> [Goal of the exercise]: Quote the entries below from the line with "Miniatura 8 de" through the line with "Christmas Artificial Plastic", both ends included, and only those lines.

> [Given records]:
*****

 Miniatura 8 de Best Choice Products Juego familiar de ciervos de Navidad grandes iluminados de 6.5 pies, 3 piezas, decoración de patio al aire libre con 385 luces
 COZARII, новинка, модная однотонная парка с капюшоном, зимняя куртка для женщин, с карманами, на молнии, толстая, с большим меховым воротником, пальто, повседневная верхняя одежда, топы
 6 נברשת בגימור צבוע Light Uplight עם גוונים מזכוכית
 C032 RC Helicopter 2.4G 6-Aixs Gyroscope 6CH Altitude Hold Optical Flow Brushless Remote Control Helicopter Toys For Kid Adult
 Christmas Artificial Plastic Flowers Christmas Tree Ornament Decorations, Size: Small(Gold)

*****

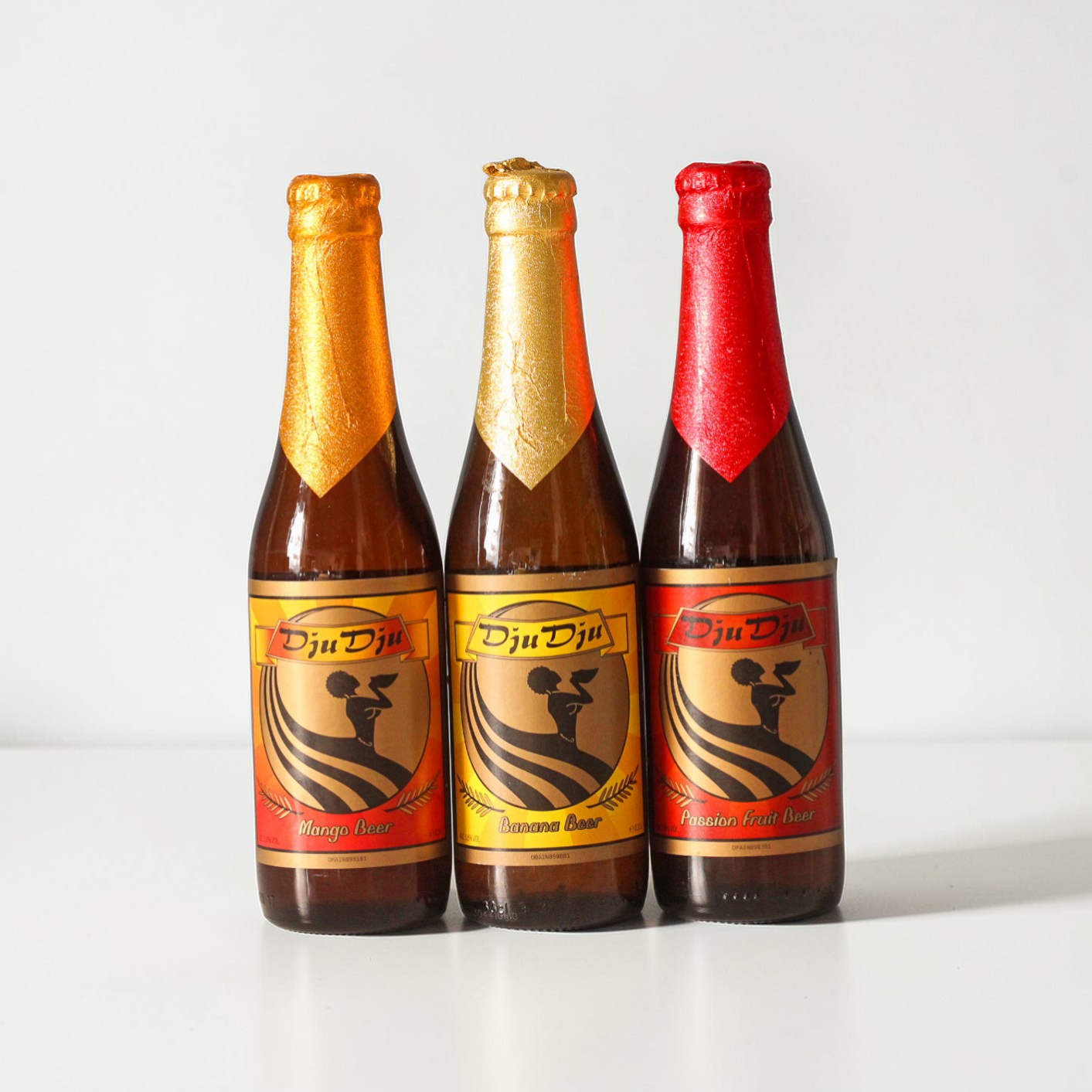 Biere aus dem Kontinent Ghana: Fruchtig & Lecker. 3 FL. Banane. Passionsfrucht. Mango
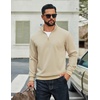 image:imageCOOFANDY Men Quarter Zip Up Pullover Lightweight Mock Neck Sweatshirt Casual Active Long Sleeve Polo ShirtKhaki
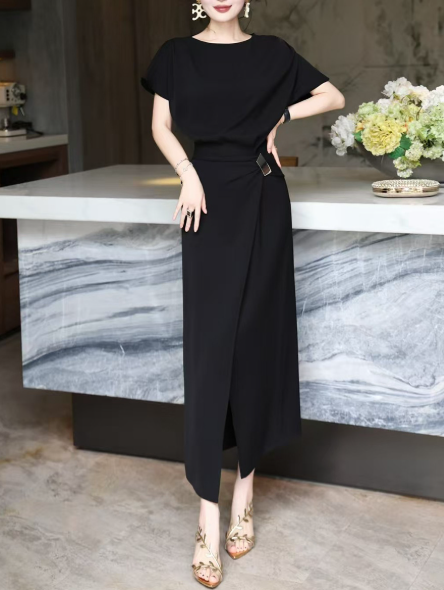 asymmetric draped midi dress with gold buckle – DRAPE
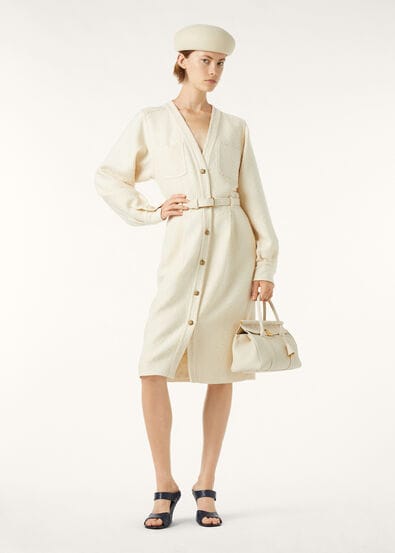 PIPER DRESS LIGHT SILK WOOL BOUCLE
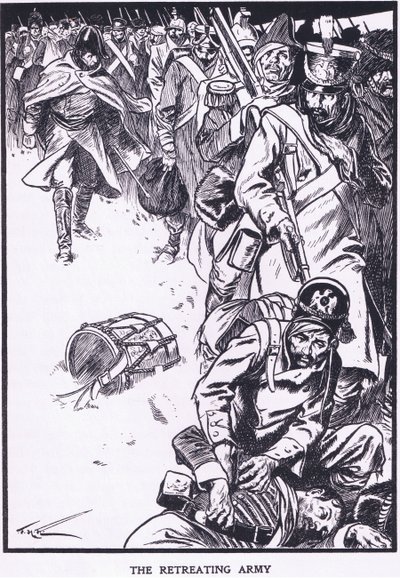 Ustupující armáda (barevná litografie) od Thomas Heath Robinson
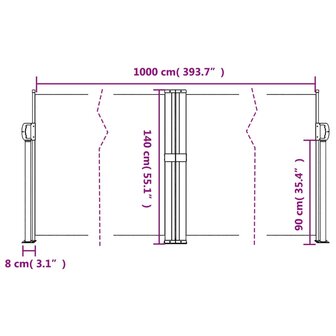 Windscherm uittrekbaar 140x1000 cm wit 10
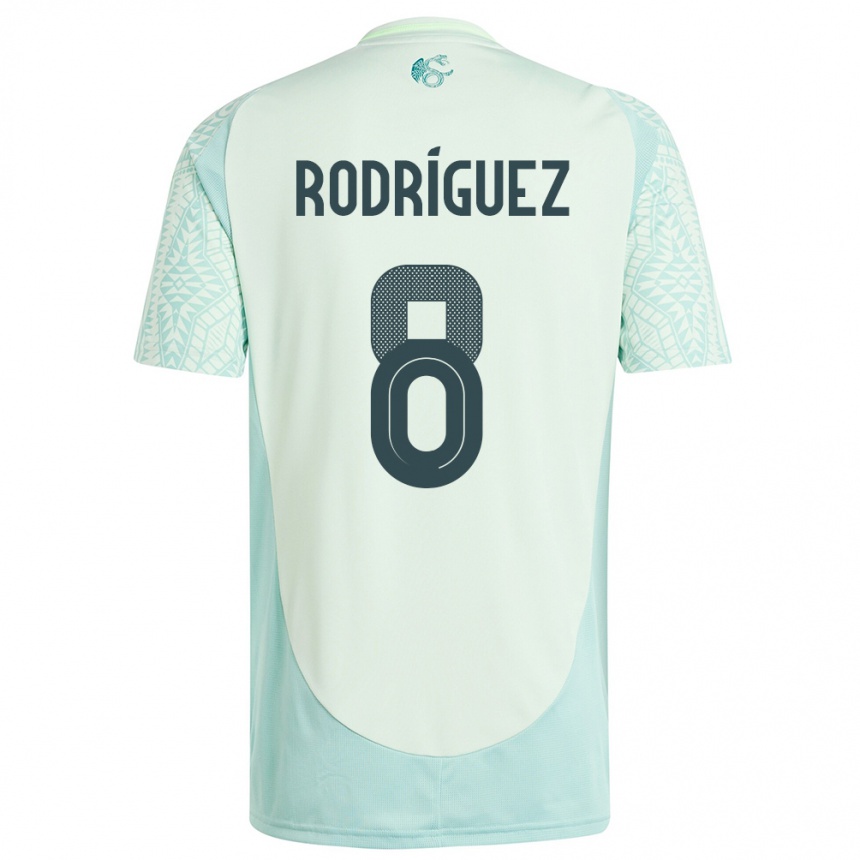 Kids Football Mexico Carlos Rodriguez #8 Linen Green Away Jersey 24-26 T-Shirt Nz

*****

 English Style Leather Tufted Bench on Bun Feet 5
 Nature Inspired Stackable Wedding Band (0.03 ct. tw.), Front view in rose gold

*****

> [Solution to this task]:
 Miniatura 8 de Best Choice Products Juego familiar de ciervos de Navidad grandes iluminados de 6.5 pies, 3 piezas, decoración de patio al aire libre con 385 luces
 COZARII, новинка, модная однотонная парка с капюшоном, зимняя куртка для женщин, с карманами, на молнии, толстая, с большим меховым воротником, пальто, повседневная верхняя одежда, топы
 6 נברשת בגימור צבוע Light Uplight עם גוונים מזכוכית
 C032 RC Helicopter 2.4G 6-Aixs Gyroscope 6CH Altitude Hold Optical Flow Brushless Remote Control Helicopter Toys For Kid Adult
 Christmas Artificial Plastic Flowers Christmas Tree Ornament Decorations, Size: Small(Gold)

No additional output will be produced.